Cerpen Karangan Jimmy Blog's
Berikut ini adalah sebuah kisah sebagaimana tertulis dalam buku Diaryku. Pada suatu hari di bulan November tahun 2007, tepatnya hari Jum’at. Cuacanya pun cerah dan tidak nampak sedikitpun awan yang menutupi langit yang biru. Hari ini adalah hari dimana hari akan berbeda dari sebelumnya. Awalnya, kisah cinta seorang sahabatku yang bernama Muhamad Rochmad atau di panggil Rochmad, dengan seorang wanita yang bernama Uminah. Uminah ini adalah saudara sepupuku yang bekerja di rumahku. Kisah ini bermula ketika, pada malam harinya Rochmad mengungkapkan perasaannya kepadaku, bahwa dia mencintai Uminah.
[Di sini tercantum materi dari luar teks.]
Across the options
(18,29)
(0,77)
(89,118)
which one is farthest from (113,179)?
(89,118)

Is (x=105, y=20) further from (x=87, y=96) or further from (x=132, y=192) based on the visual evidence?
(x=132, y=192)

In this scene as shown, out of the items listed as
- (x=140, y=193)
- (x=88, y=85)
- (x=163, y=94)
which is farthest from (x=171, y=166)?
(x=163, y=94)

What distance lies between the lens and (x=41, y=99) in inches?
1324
Saat itu pula sekitar jam 18.50 sebelum Adzan Isya, Rochmad menelponku, dengan nada yang aneh, lain dari biasanya.
“Kos, lo kesini dong! Gue mau ngomong sama lo!” Tanya Rochmad ketika menelponku.“Mau ngomong apaan? Kayaknya penting nich!”
“Mmm… jangan-jangan PR disekolah, ye???” jawabku.
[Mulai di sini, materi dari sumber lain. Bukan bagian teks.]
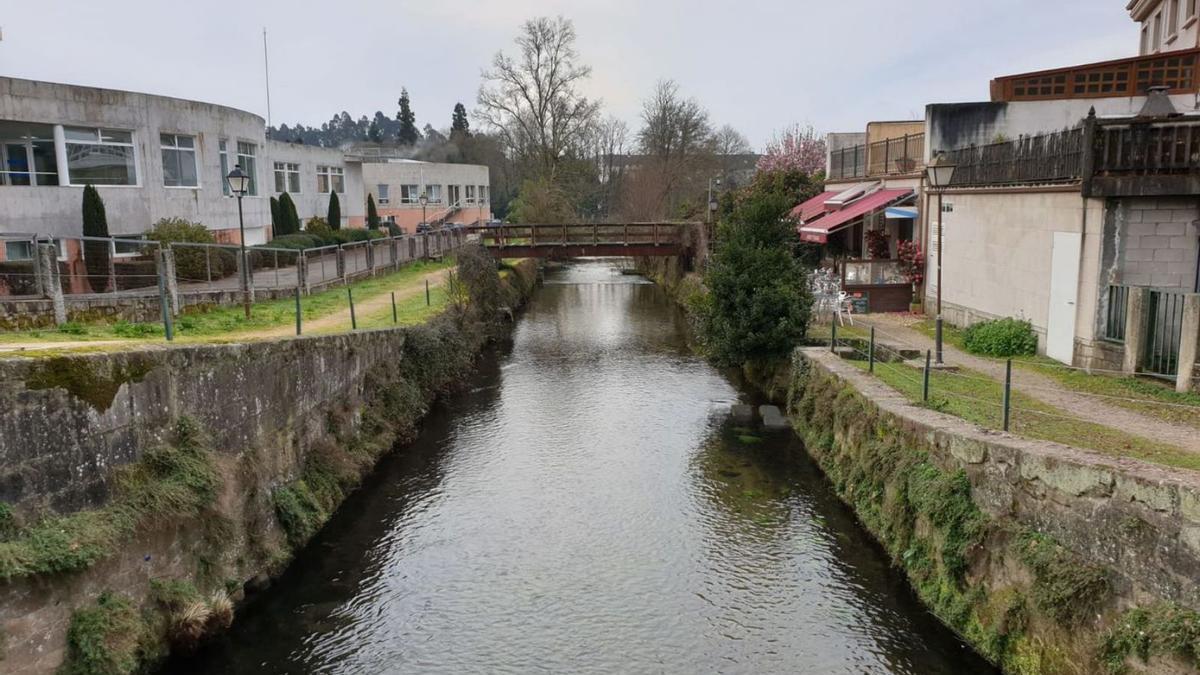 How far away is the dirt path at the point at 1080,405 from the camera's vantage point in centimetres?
964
“Udah!!! Pokoknya lo kesini aje???” jawab Rochmad sambil mengakhiri dengan berkata,
“Udah dulu, ye?”.
Saat itu pula telpon terputus. Tapi tiba-tiba perasaanku berubah menjadi aneh, hati gelisa, jantung berdegup kencang, dll. Entah pertanda apa ini. Lalu Adzan Isya berkumandang, segera aku mengambil air wudhu, dan melaksanakan shalat Isya. Setelah selesai shalat, aku langsung menuju rumah Rochmad, sambil merenung,
”Apa yang akan dibicarakan Rochmad, ya?” terbayang suatu gambaran pasti tidak beres.
***
“Rochmad, Rochmad.” Setelah sampai didepan rumahnya, aku langsung memanggilnya. Lalu Rochmad muncul dari dalam,menyuruh aku masuk kerumahnya. Rochmad mengajak aku, ke lantai atas rumahnya. Kami berdua duduk di bangku, yang terbuat dari bambu, dan langit pun dihiasi bintang-bintang yang berhamburan ditemani oleh bulan yang memancar dengan indahnya. Beberapa menit kemudian, Rochmad angkat bicara. Dengan perasaan ragu dan mungkin waktunya tidak tepat, dia memberanikan diri.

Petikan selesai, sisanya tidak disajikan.